February 8th is one of those days that stands out in the calendar of my family history. For me it has become Genealogy Day, a day to do something special about my interest in family history. Like Christmas but for me not Baby Jesus. And it helps a bit that Losar, the Tibetan New Year, is right around this time of year.
It’s the anniversary of my grandfather’s death. Harry William Swanstrom (1903-1957). By coincidence it’s also the anniversary of his sister’s death. Ellen Sophie (Swanstrom) Hinkle (1895-1949). She was the first of the kids to pass away.
That’s on the Swanstrom side. Then on the Howery side, today is the anniversary of the earliest surviving mention of the surname Hauri in history. A Conrad Hauri (Chuondradus dictus Hovri) was mentioned on 8 February 1282 as owing 9 shillings annually for his land at Steffisburg (Bern, No. 334), when Werner von Steffisburg leased certain lands to Kloster Interlaken. The taxes Conrad owed for his lands were in line with amounts throughout the region for larger peasant holdings. He was probably our ancestor but there’s no way to prove it.

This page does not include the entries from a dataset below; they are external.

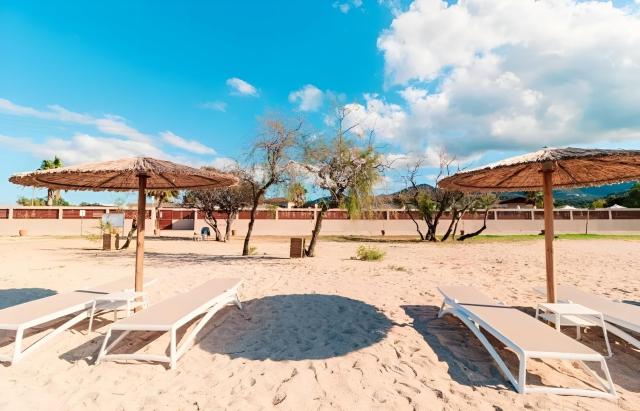 Almyros Beach Resort & Spa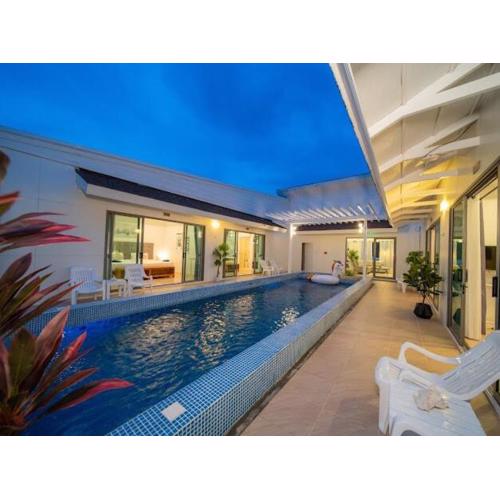 普吉岛Yona豪华型四卧泳池别墅1号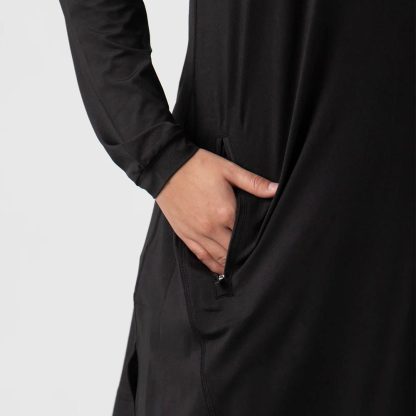 Relaxed Fit Active Top with A-Line Shape and Zippered Pocket - Image 4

For my Genealogy Day last year I started the process for getting a grave marker for my grandmother’s two babies that died at birth. Charles Edward Swanstrom (1932) and Harvey William Swanstrom (1934). It took nearly a year start to finish, which is part of the reason I’m just writing about it now.
My grandmother always intended to have a marker made for them and place it in Eden Valley Cemetery. It was one of the last things she mentioned to me just before she died. Actually, the babies are buried in Rock Springs but the funeral home has said there would not be enough left of their bodies to move them to Eden. And, we could mark the graves where they’re buried but then they would end up being disconnected from the family story.
So. We got the gravestone, and we had it placed between my grandparents’ graves. Also this year we did a memorial brick for my grandparents and another for my sister Evonne in the Peace Walk at the Amitabha Stupa in Sedona. But that’s a story for another time.